* [What needs to be done] The line with "Portail Alu 2" marks the start; please set it down along with all later lines through the end of the material, exactly, leaving out pictures.

* [Records supplied]
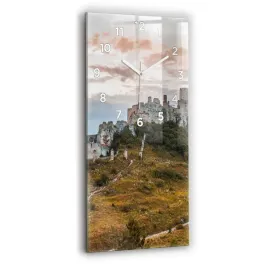 scienny-pionowy-zegar-szklany-z-nadrukiem-zamek-spiski-na-slowacji-30x60-cm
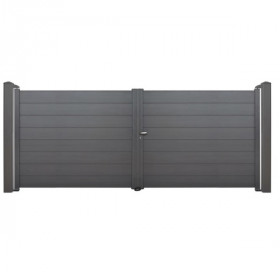 Portail Alu 2 battants Aluline 3x1,65 m Gris 7016 lames pleines 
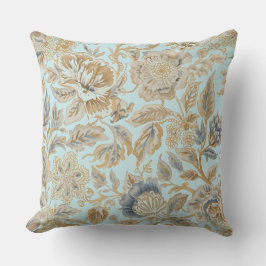 Cojín Decorativo Elegant,Beigie Gold Soft Blue Flowers Pattern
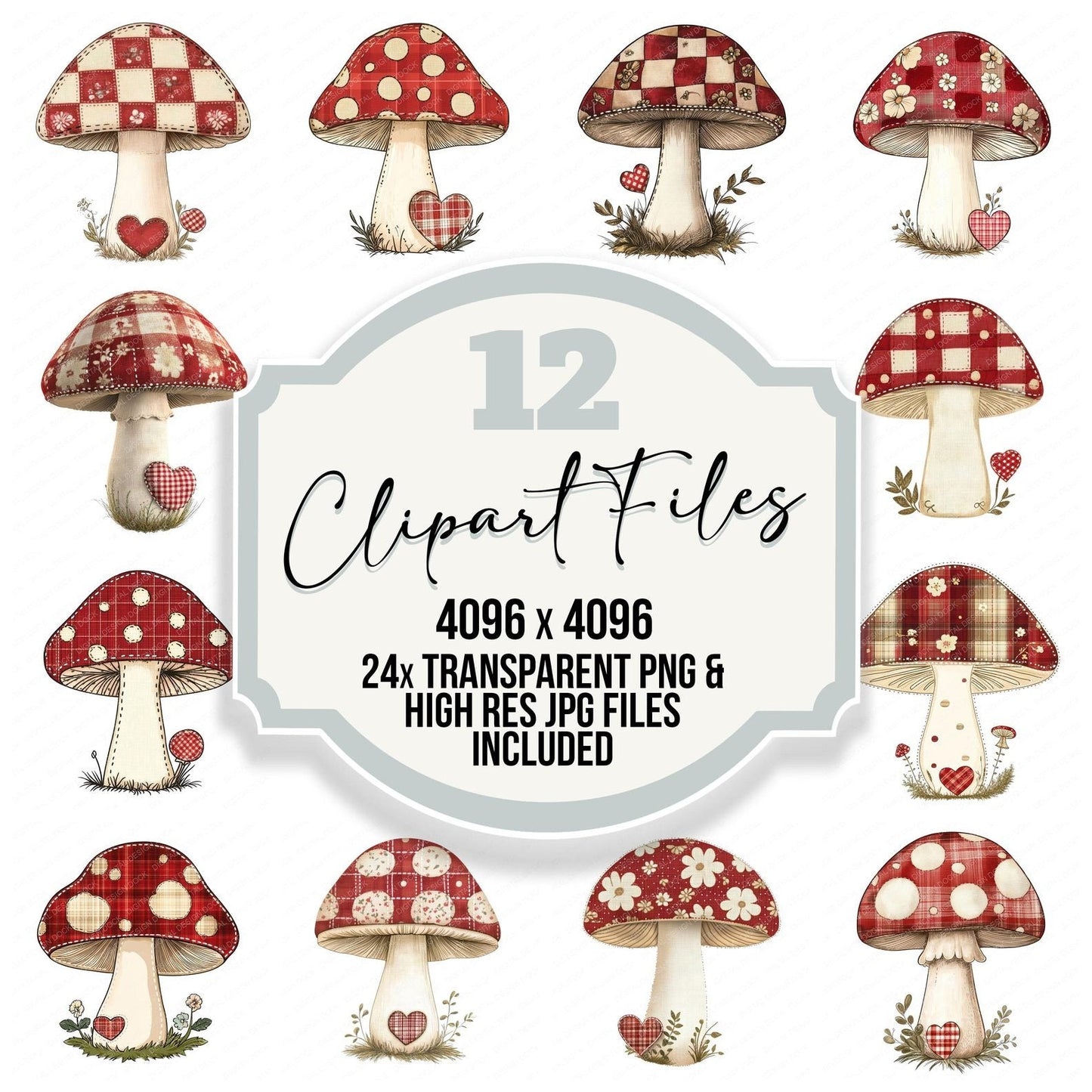 Fabric Toadstool Patch Clipart Set (DDD005285)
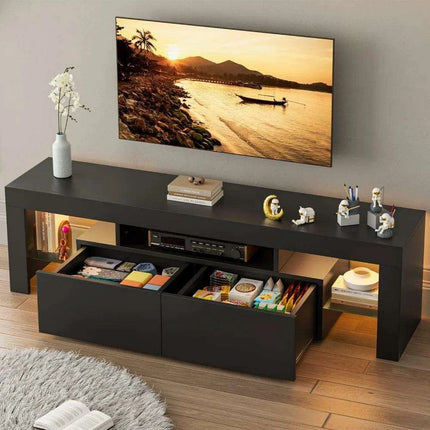 Sleek LED-Illuminated TV Stand with Glass Shelves and Storage, Fits TVs up to 70 Inches - Très Elite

* [Expected answer]
 Portail Alu 2 battants Aluline 3x1,65 m Gris 7016 lames pleines 
 Cojín Decorativo Elegant,Beigie Gold Soft Blue Flowers Pattern
 Fabric Toadstool Patch Clipart Set (DDD005285)
 Sleek LED-Illuminated TV Stand with Glass Shelves and Storage, Fits TVs up to 70 Inches - Très Elite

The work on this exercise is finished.